DivX 3.11 = hacked MS MPEG4 V3 which was for windows.
DivX 4 was basically open divx which was cross platform, so it should be possible to compile libs for OSX. Creating say a quicktime plugin is a different matter though.
XviD, once again is cross platform, but what you are used to would be the directshow and VfW front ends. For OSX you would have ffmpeg, mencoder, etc.
Nimo codec pack is a collection of VfW and directshow codecs/filters. The "W" in VfW stands for Windows and macs don't have directshow either.

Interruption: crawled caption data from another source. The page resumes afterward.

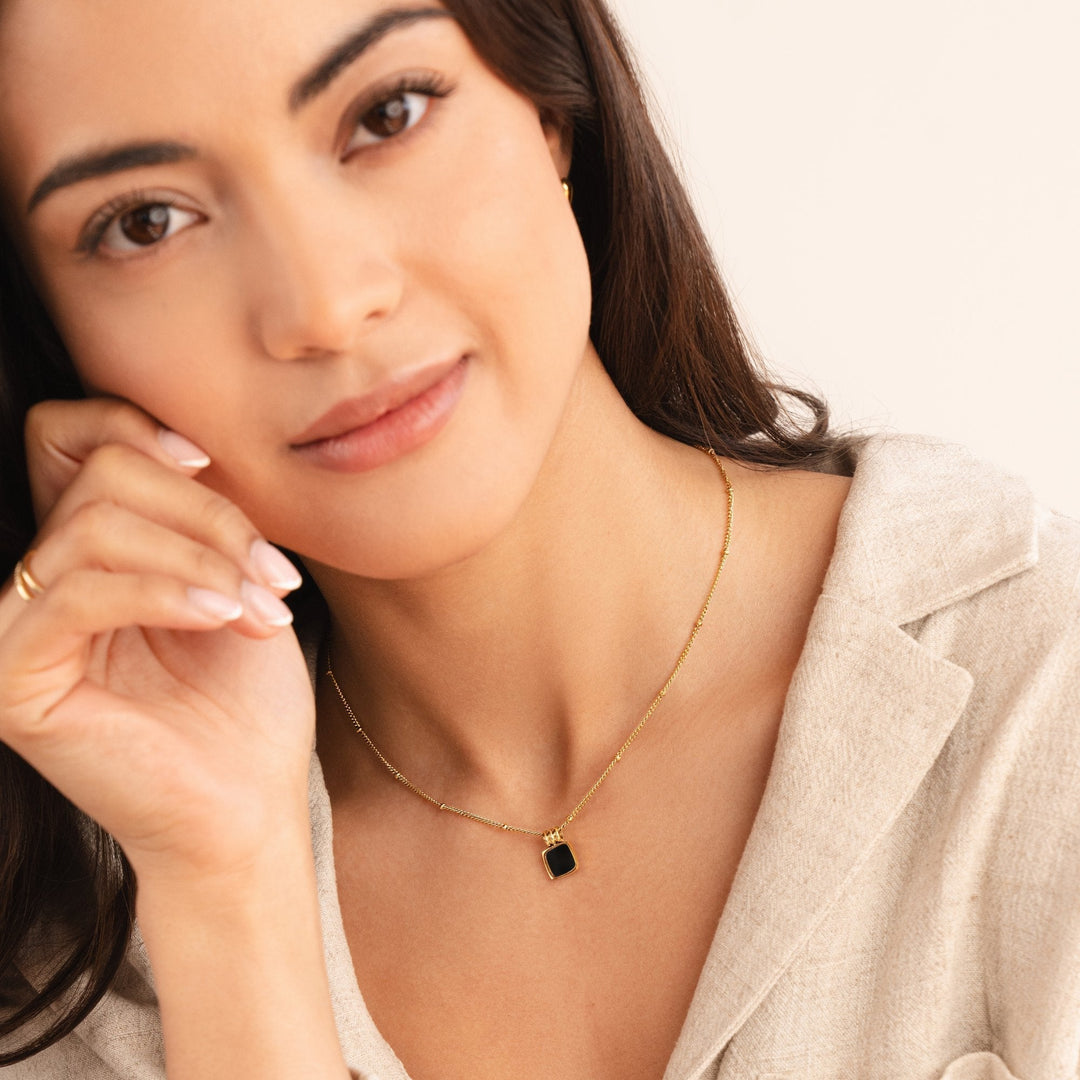 Lucia Noir Collier avec pendentif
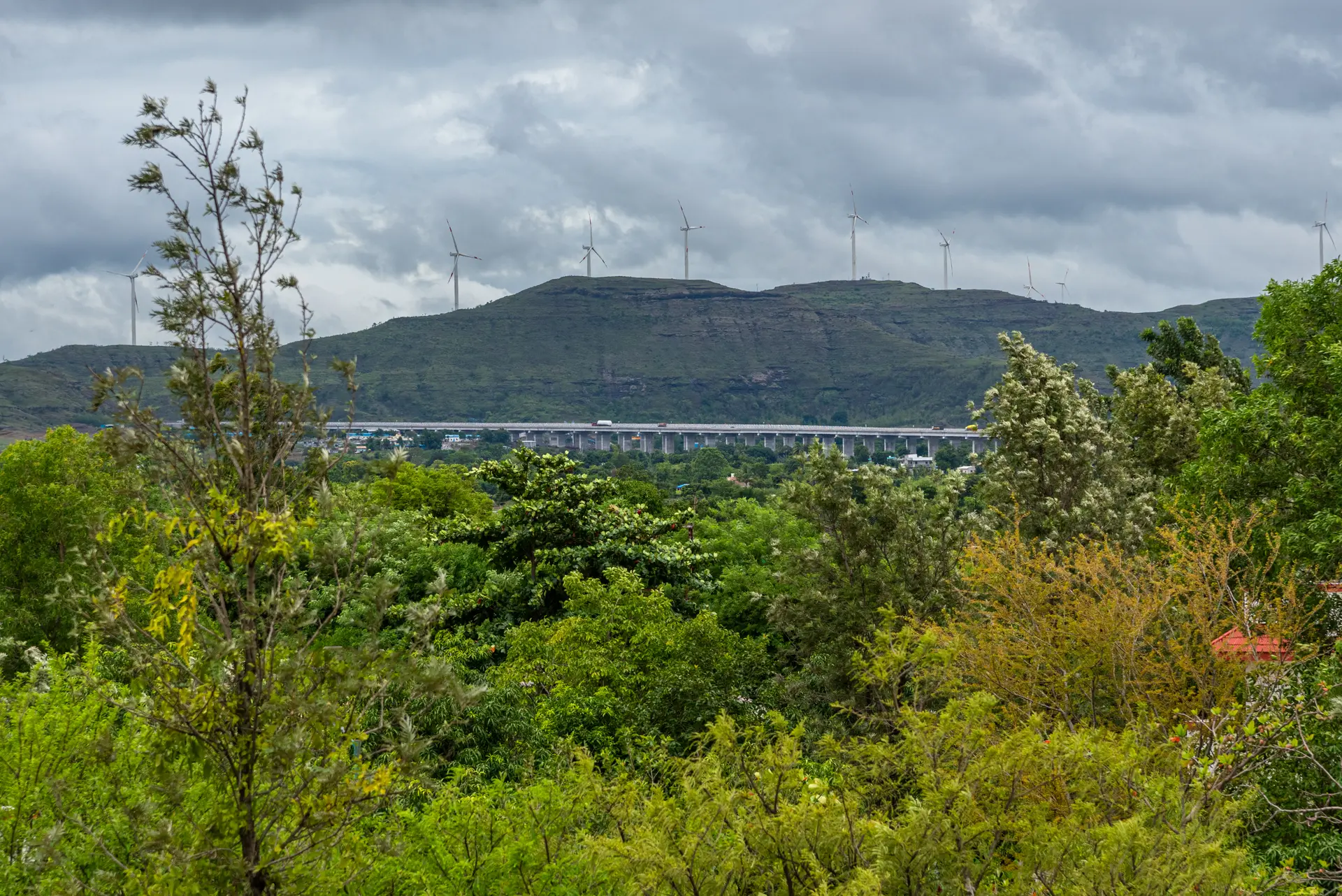 Image 31 of the property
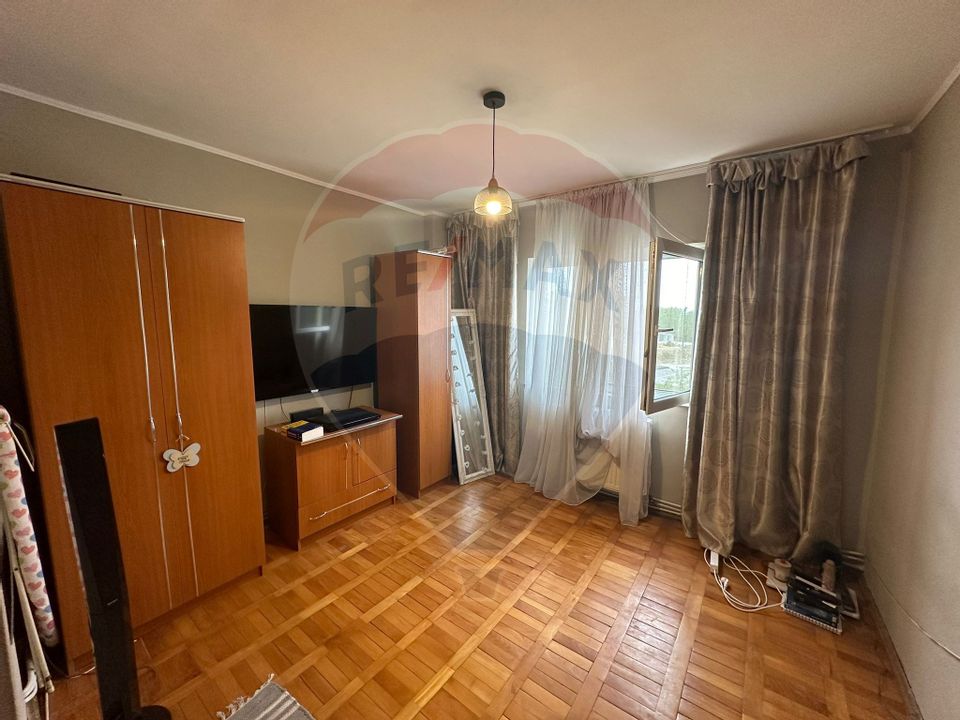 DE VÂNZARE-apartament 2 camere decomandate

dshow in FFDShow = direct show which we already covered. However FFDShow is basically a dshow and VfW wrapper for libavcodec and various other opensource libs. All of which you should be able to compile under OSX.
Tsunami = similar situation as Nimo.
By the way your really shouldn't be installing codec packs. Especially not more than one at once.
For the latest source you would need to do a cvs checkout. I assume that OSX comes with some kind of compiler standard so compiling shouldn't be hard.
VLC already includes libavcodec, libavformat, libdts, etc. For encoding I would also suggest you check out ffmpegX, an OSX based GUI for ffmpeg and other opensource cross platform utils.
What I meant about the quicktime plugin bit is I guess it (quicktime) is the mac equiv to dshow/VfW.